Output all of the data exactly as it appears, but leave out any pictures it contains.

* **Short descriptive text snippets**:
--- START ---

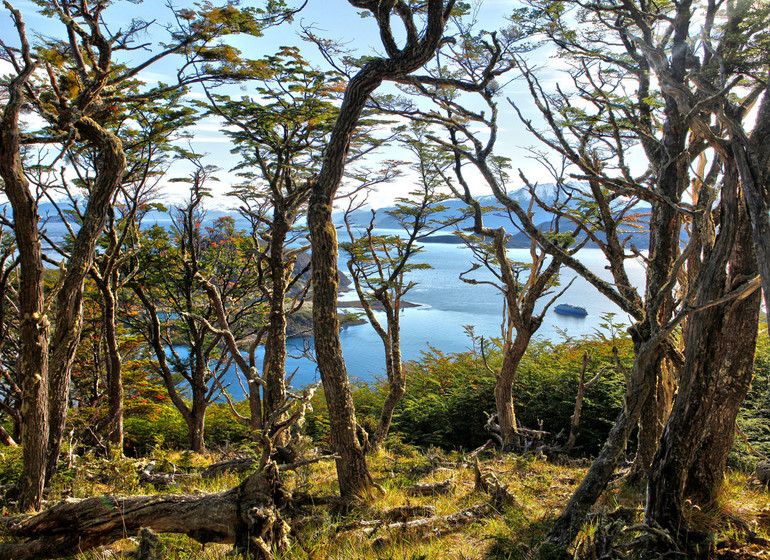 Chili Voyage Patagonia Wulaia Bay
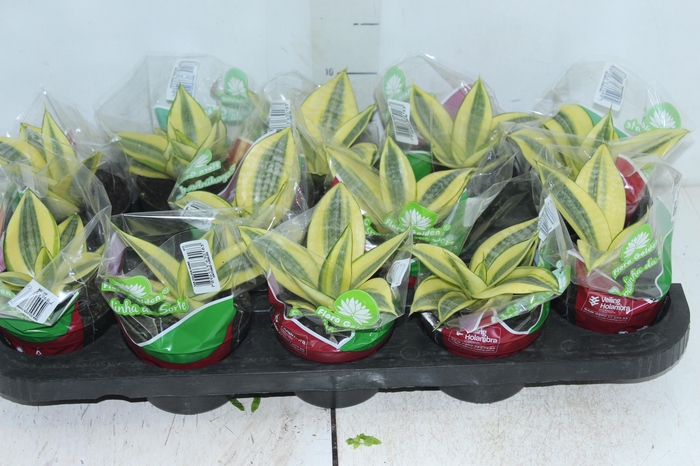 <h4>SANSEVIERIA GOLDEN HAHNII P11</h4>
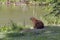 Capybara closeup at the edge of water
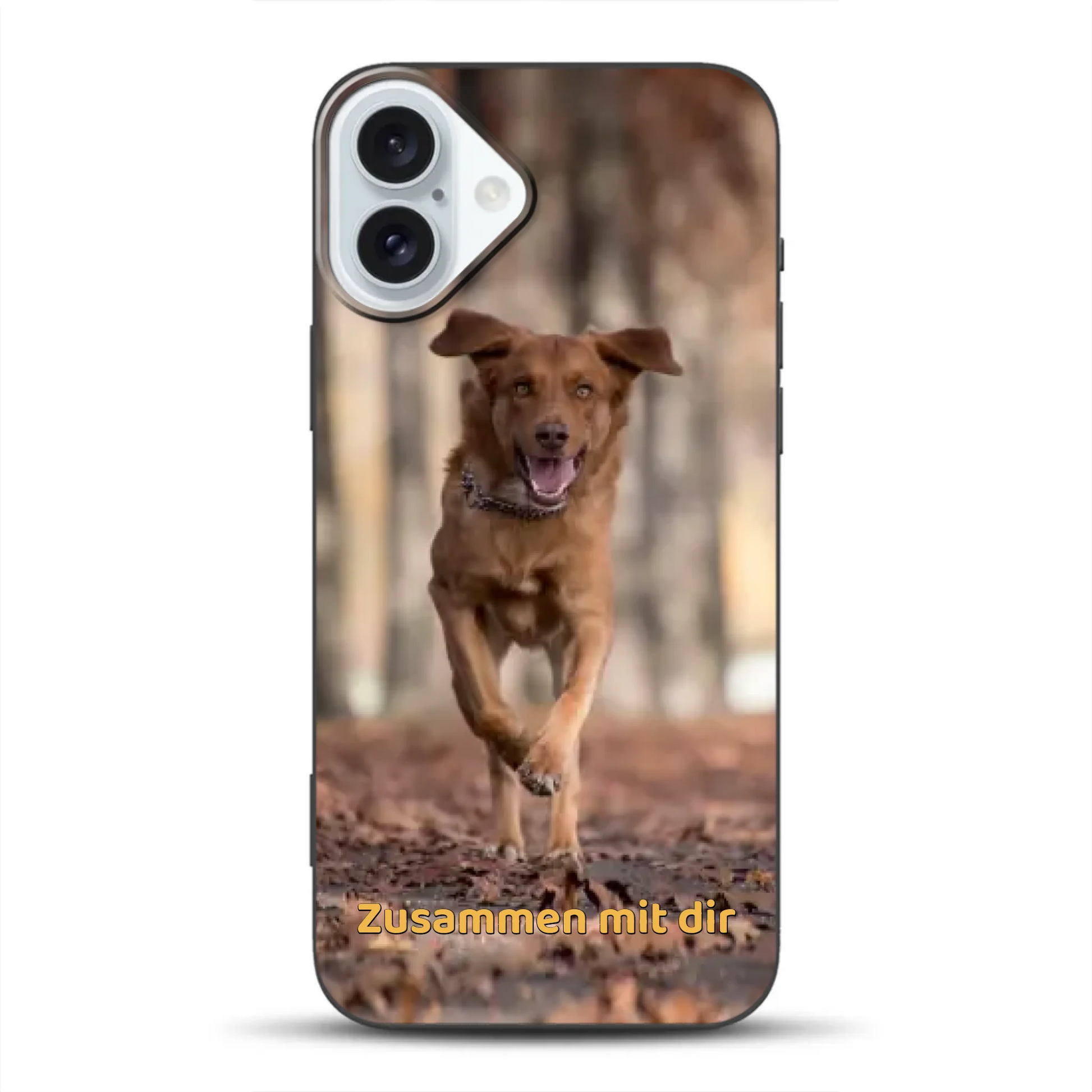 _0005_16-plus-b-mockup.png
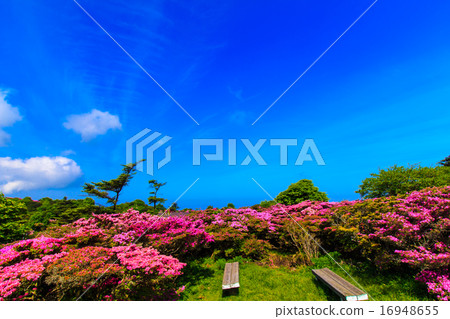 Nita Pass的Miyama Kirishima 16948655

--- END ---

* **TASK OUTPUT**:
 Chili Voyage Patagonia Wulaia Bay
 <h4>SANSEVIERIA GOLDEN HAHNII P11</h4>
 Capybara closeup at the edge of water
 _0005_16-plus-b-mockup.png
 Nita Pass的Miyama Kirishima 16948655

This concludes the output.